> [Your objective]: Each line below needs to be returned exactly. Skip any picture.

> [Stored data]:
◆ ◆ ◆ ◆ ◆

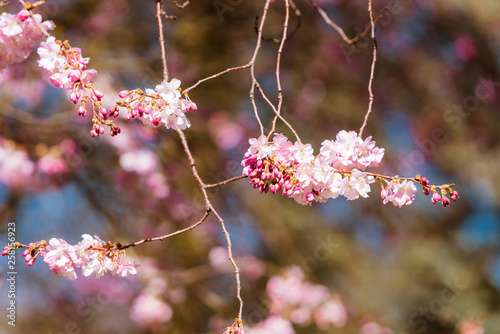 bloom in spring, spring flowers photo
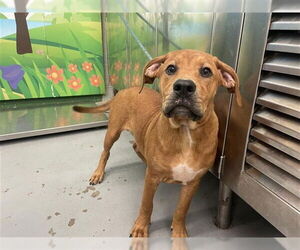 Labrador Retriever-Unknown Mix Dogs for adoption in Waco, TX, USA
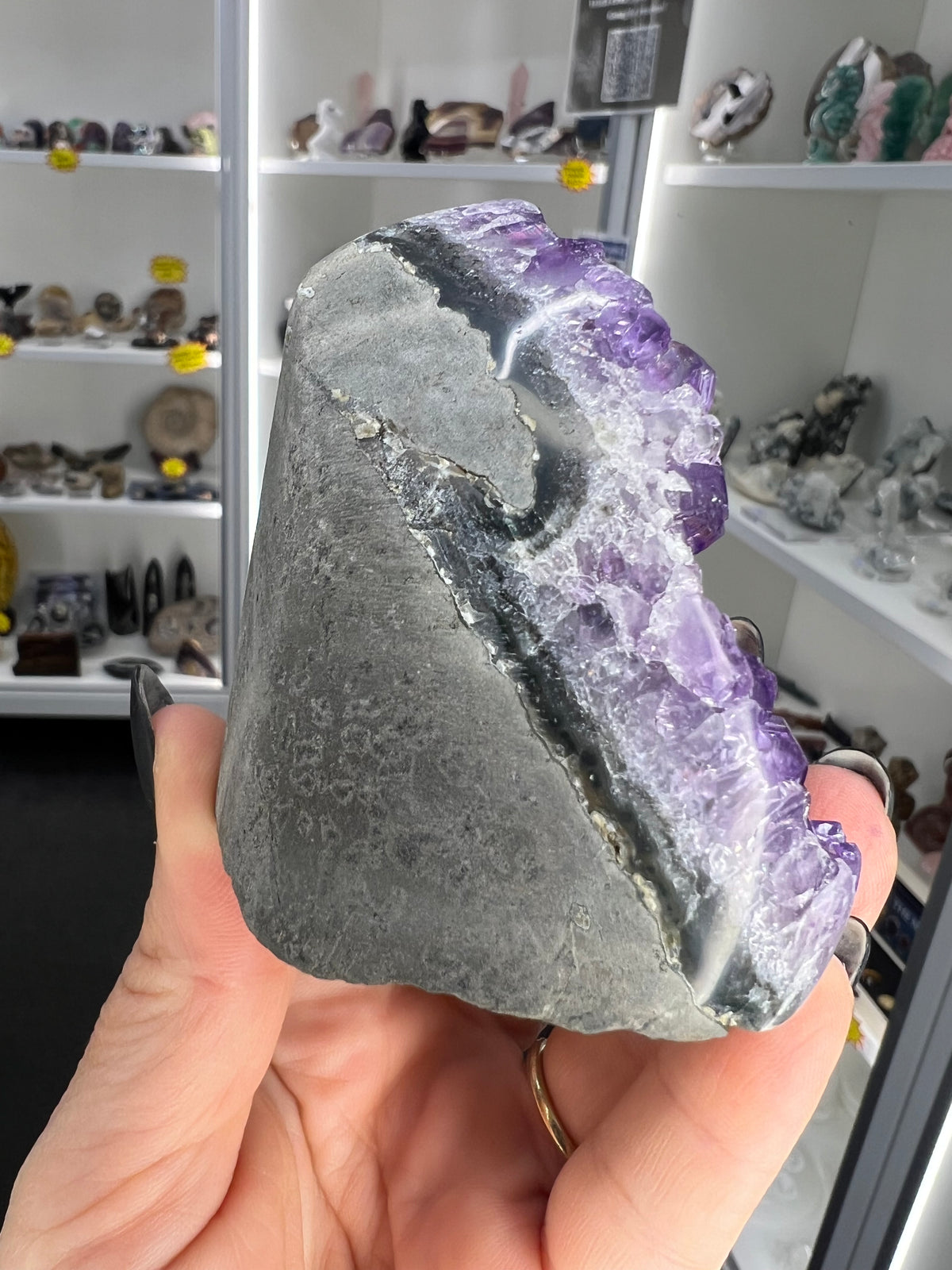 Amethyst Cluster Specimen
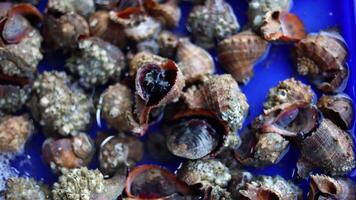 ver de apilado crudo concha con conchas para rebaja a un pescado mercado. Mariscos capturado por el pescadores. video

◆ ◆ ◆ ◆ ◆

> [Task output]:
 bloom in spring, spring flowers photo
 Labrador Retriever-Unknown Mix Dogs for adoption in Waco, TX, USA
 Amethyst Cluster Specimen
 ver de apilado crudo concha con conchas para rebaja a un pescado mercado. Mariscos capturado por el pescadores. video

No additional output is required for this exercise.